One of my favorite stories Ann told was how she found a special manuscript box which was filled with stories and ideas written by a family member who had long since passed away.  This woman lived her life raising a family on a dairy farm, but spent her spare moments writing adventure stories. Some of her ideas were on paper, and many others were written on whatever scrap of paper she had available to her. The back of a dairy receipt or ripped slip of paper–each held a handwritten sentence, paragraph or idea for a story forming in her imagination.

Ann realized she was not the first author in her family. She was also very lucky to have a family who believed in her talent from a very young age.  Her mother kept her notes and her stories as a little girl- even her apology notes with misspelled words and cross outs from when she got in trouble!

Now Ann is a published author and teacher. She teaches first grade in Connecticut and writes as much she can, which can’t be easy when you have two full-time jobs!  She has a support group of writer friends who help her with every step and paragraph along the way. These are women who are not afraid to say, “No Ann, Harper wouldn’t say that or do that. Fix it!”

FindersKeepersAnd fix it, she does. Bringing a manuscript from A Finders Keeper’s Place, Ann showed the kids what it’s like to get her novel back from her publisher. Marks in one color from one person, marks in a different color from an editor. Sticky notes that are not allowed to be removed from a page. These are the realities of revising for an author.

But where do the ideas come from? How does a woman who teaches first grade and lives a middle-class life write realistic fiction novels about the harsh realities of homelessness or the cruelty of mental illness? Ann’s novels are not cutesy books about love-torn teenagers. Her novels are real. Perhaps too real for some readers.

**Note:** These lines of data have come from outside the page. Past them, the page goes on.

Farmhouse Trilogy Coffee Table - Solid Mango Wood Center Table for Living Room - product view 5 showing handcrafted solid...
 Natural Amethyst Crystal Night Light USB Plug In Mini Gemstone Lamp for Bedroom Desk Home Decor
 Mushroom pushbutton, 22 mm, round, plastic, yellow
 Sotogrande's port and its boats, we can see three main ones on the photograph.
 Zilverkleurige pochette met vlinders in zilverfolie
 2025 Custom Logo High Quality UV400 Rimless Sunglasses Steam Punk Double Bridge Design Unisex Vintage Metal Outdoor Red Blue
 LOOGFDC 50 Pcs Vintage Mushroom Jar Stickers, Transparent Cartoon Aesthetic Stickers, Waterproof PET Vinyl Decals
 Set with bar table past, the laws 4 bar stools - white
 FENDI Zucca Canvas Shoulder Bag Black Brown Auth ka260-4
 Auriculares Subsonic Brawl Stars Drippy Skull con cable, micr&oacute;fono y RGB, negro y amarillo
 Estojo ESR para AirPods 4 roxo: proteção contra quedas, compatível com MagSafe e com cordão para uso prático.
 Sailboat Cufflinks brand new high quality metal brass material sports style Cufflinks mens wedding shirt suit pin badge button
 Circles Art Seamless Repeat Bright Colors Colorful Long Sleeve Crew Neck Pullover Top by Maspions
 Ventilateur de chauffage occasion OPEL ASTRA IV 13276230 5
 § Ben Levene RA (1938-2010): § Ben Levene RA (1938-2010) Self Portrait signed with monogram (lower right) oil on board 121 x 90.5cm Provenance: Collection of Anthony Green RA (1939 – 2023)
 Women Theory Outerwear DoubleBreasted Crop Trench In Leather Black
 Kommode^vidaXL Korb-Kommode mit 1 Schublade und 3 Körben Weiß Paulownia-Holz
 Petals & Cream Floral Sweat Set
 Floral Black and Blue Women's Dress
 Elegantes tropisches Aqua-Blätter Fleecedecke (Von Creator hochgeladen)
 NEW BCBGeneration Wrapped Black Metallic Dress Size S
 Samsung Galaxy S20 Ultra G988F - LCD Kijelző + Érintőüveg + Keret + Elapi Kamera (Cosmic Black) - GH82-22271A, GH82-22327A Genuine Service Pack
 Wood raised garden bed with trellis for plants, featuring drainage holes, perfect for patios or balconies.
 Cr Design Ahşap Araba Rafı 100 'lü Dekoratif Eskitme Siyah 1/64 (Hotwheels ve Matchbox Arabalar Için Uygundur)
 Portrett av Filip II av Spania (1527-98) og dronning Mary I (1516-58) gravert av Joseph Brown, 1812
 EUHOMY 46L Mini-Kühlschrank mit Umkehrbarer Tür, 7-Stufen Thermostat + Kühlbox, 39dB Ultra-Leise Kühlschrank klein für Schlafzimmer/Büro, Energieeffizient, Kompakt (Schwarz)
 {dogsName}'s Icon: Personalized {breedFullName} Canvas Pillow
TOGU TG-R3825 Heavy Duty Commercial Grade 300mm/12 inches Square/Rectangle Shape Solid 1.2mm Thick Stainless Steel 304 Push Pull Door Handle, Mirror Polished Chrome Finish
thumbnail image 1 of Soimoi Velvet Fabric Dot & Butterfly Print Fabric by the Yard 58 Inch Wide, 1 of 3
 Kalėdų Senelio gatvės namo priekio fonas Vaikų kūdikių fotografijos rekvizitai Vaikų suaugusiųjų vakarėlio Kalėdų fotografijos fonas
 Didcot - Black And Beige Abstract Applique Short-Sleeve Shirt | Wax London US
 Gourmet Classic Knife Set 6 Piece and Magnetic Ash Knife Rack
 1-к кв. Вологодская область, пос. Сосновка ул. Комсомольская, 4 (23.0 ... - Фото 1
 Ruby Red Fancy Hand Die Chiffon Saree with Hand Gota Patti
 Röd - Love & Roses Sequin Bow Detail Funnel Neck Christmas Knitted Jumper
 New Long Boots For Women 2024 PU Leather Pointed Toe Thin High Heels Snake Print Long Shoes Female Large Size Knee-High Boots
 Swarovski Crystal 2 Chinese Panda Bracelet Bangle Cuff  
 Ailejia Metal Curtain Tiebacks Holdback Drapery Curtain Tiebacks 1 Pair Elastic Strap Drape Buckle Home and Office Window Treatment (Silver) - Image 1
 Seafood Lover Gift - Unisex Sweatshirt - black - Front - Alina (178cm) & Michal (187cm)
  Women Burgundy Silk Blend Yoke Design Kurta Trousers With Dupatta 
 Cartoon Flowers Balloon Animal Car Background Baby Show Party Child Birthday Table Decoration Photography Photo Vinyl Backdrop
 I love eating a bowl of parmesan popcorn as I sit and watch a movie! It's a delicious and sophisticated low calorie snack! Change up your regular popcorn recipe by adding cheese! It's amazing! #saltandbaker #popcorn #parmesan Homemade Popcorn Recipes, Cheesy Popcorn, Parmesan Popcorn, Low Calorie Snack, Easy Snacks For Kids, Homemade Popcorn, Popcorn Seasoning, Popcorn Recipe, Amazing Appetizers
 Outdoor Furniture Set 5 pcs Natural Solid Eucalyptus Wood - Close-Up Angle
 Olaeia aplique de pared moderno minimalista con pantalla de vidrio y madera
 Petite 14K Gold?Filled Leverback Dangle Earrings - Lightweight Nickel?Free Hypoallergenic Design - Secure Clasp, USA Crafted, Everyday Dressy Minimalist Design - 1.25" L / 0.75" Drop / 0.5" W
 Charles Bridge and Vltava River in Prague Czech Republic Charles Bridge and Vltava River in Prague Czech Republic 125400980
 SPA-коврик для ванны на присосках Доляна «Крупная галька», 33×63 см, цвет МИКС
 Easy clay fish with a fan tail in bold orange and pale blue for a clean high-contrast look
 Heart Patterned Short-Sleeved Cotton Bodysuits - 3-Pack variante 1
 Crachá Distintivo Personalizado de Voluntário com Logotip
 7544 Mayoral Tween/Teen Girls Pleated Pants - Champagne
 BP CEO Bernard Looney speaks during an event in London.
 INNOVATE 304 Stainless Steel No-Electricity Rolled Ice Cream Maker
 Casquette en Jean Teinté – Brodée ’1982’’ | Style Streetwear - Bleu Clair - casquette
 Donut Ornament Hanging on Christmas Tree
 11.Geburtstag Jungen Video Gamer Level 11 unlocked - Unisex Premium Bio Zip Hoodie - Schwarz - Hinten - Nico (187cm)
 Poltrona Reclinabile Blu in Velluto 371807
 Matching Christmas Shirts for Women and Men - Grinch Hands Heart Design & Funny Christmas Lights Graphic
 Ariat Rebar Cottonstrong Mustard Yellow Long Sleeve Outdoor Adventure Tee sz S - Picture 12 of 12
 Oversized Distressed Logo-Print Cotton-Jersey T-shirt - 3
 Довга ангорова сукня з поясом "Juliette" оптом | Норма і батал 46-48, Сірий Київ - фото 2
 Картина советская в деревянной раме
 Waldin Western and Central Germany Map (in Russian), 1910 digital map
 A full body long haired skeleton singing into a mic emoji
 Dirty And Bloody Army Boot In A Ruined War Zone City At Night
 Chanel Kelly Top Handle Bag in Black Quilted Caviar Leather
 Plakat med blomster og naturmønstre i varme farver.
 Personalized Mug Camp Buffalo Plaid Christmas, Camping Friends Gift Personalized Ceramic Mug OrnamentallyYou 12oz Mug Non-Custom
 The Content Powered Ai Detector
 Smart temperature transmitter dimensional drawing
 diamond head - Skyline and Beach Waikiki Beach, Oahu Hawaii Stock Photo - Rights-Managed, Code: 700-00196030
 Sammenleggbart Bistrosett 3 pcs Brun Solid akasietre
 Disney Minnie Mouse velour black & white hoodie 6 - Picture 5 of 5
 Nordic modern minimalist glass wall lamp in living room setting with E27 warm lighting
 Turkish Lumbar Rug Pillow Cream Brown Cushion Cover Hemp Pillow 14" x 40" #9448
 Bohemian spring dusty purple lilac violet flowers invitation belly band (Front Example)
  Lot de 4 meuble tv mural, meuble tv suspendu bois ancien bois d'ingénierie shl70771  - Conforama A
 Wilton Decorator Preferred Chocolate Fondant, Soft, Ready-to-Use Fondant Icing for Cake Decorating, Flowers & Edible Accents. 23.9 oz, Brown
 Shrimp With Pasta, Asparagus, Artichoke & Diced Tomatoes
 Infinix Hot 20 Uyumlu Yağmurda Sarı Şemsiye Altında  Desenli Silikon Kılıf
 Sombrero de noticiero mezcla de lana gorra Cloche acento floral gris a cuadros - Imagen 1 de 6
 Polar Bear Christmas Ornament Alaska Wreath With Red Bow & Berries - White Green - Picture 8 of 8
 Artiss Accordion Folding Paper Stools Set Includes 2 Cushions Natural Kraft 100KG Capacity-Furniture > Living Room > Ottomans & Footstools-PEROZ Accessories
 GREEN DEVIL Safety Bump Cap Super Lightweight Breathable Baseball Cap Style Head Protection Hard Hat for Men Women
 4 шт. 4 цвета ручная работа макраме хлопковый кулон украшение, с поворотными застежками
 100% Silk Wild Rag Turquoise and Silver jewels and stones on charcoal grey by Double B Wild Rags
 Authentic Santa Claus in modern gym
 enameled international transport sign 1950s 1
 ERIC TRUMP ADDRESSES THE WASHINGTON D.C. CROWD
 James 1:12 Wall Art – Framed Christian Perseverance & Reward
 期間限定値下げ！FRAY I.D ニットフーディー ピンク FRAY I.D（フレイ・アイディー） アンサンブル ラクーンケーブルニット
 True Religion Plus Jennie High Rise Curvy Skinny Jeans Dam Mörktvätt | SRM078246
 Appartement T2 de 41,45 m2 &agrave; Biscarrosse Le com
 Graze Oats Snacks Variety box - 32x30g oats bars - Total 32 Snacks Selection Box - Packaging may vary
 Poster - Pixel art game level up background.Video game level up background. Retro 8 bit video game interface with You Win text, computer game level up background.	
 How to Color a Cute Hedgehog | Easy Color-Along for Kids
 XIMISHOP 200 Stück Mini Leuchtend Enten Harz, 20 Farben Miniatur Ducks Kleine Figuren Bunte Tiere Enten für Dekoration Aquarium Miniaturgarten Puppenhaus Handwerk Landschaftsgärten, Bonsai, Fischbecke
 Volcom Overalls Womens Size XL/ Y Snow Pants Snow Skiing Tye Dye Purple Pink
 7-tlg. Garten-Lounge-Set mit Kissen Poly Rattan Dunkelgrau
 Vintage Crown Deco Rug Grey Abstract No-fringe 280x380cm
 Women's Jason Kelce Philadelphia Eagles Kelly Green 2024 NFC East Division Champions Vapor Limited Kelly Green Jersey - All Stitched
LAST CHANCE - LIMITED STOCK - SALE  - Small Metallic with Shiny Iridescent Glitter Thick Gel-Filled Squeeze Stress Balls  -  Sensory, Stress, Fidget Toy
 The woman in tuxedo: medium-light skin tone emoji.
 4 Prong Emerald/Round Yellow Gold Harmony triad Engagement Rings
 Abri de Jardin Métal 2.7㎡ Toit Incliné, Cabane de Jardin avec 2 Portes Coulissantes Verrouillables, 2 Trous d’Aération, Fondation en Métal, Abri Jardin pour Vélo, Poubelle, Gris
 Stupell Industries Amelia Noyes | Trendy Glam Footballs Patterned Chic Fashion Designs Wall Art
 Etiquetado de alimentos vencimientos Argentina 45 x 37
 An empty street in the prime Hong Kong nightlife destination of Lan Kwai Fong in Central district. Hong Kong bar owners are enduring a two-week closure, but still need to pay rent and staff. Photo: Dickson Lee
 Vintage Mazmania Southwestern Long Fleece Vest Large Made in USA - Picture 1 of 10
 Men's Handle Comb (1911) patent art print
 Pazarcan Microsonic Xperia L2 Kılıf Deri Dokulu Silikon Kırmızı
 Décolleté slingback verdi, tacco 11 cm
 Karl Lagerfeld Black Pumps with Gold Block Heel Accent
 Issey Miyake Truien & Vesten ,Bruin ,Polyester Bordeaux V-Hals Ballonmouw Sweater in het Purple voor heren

Yet when everything is awful and the pain seems too cutting, Ann brings a sliver of hope into her books. She finds a way to introduce the idea that while maybe life right now may be really, really bad—it’s a moment in time. There is always hope. The possibility for things to get better, change and improve is always there.

Still where do those ideas come from? 

Some come from her life. We all have our realities of life that others may not know about. Other ideas come from newspaper articles,  places she’s been or seen. Take a fenced in and abandoned local swimming pool filled with algae covered rain water –a place she has seen–and twist and turn it. Suddenly it’s the place Harper discovers with her new friends in Also Known as Harper.harper

Go to the grocery store and see a young boy outside of the store staring at a station wagon pulling away with his family inside, while leaving him on the sidewalk, and you have a scene from A Finders Keeper’s Place.  Her books are the sum of her experiences, with a mixture of fiction thrown in.

So, readers and would be writers, what is her lesson to you? Save everything! Don’t throw away your first stories or silly notes you wrote. Save your doodles and beginning attempts at drawing. They are your beginning. They are the first rungs of your writing ladder.

 Someday, perhaps, you will look back at them, like Ann has done and be able to say, “I knew when I was in elementary school that I would be a writer, just like Ann Haywood Leal.”

Ann’s books are best for readers ages 9 and up.